══ INPUT
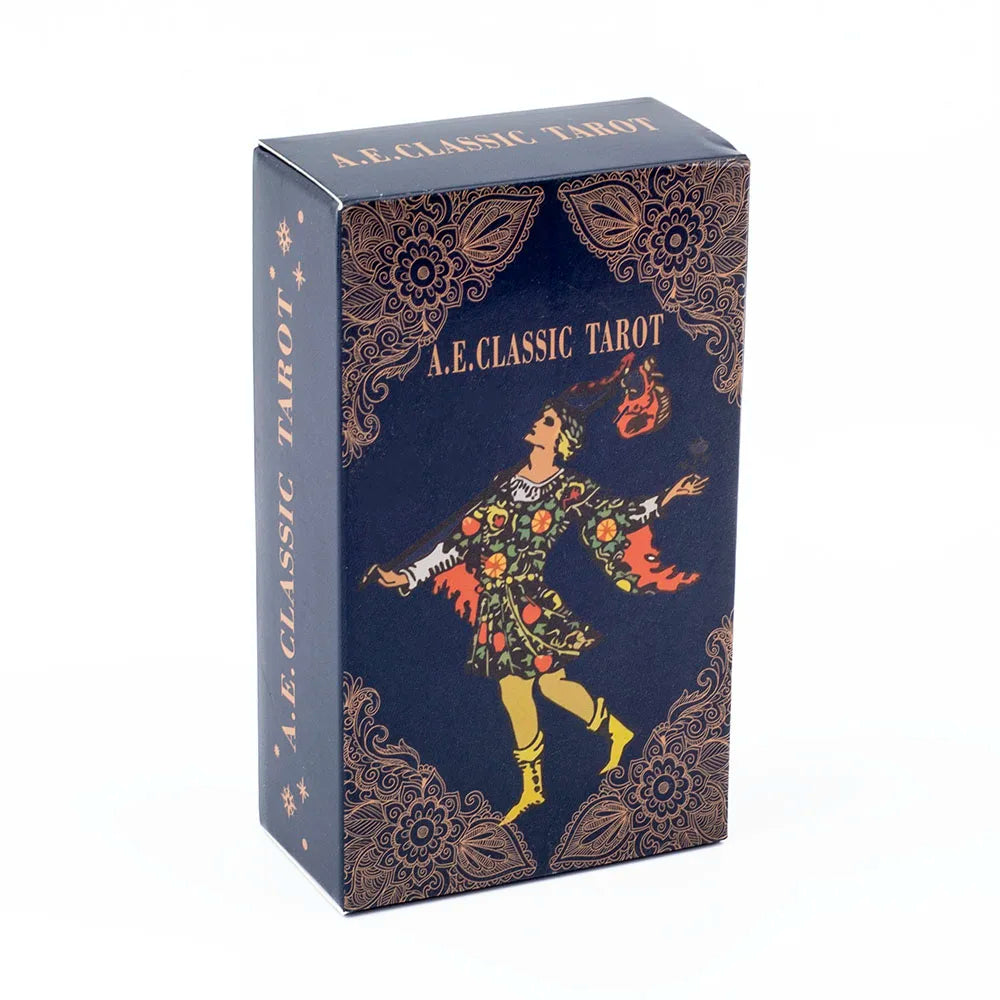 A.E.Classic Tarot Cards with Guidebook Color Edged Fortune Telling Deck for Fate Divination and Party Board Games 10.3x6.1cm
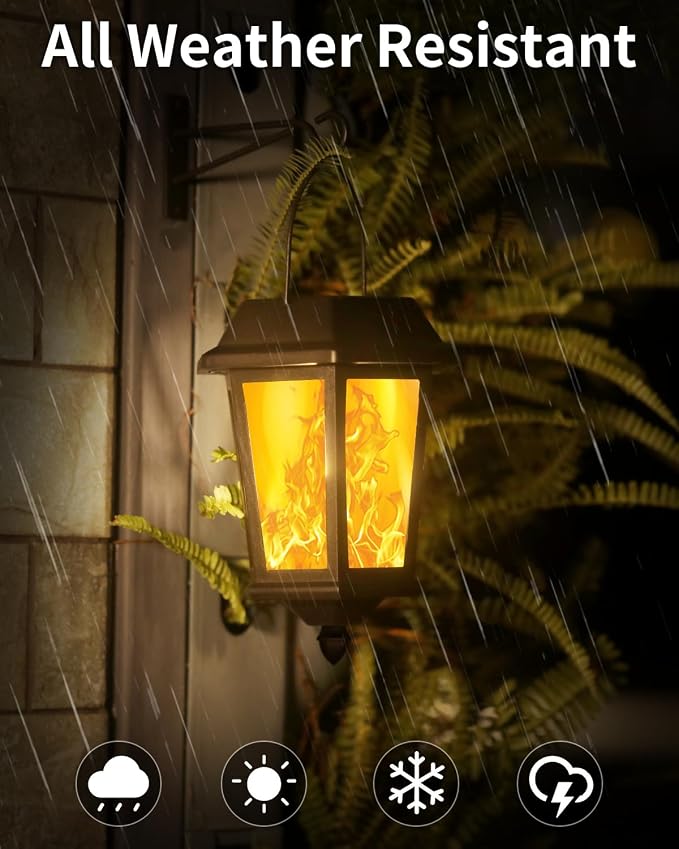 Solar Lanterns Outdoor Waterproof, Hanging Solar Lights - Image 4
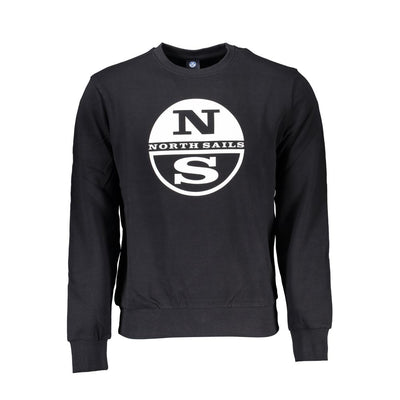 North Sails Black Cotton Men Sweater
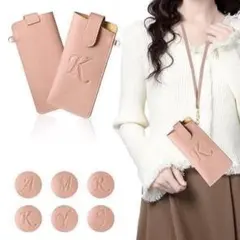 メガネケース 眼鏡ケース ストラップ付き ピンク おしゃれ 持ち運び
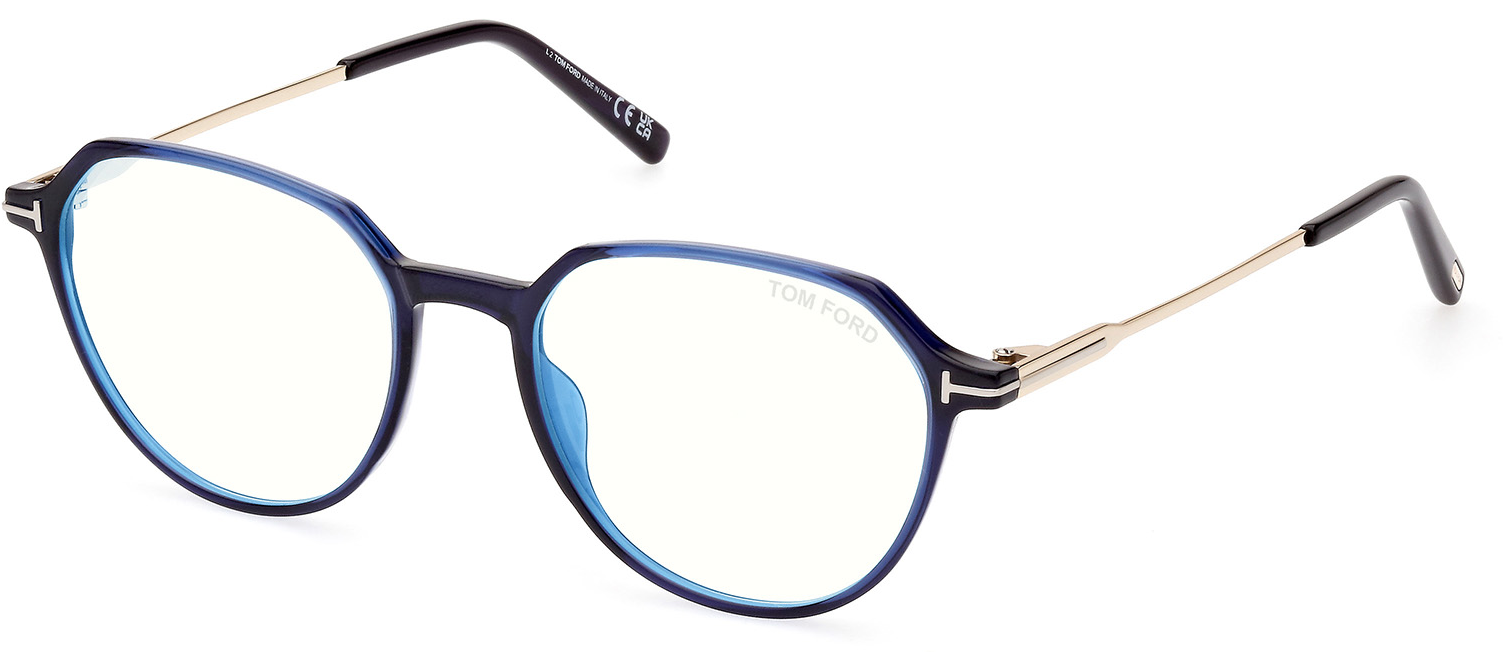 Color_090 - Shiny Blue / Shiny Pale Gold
════
## WORK REQUIRED
Repeat, exactly and only, the lines from the one containing "North Sails Black Cotton Men Sweater" through the final line of the data, both ends included, leaving out any picture.

## THE COMPLETED TASK
 North Sails Black Cotton Men Sweater
 メガネケース 眼鏡ケース ストラップ付き ピンク おしゃれ 持ち運び
 Color_090 - Shiny Blue / Shiny Pale Gold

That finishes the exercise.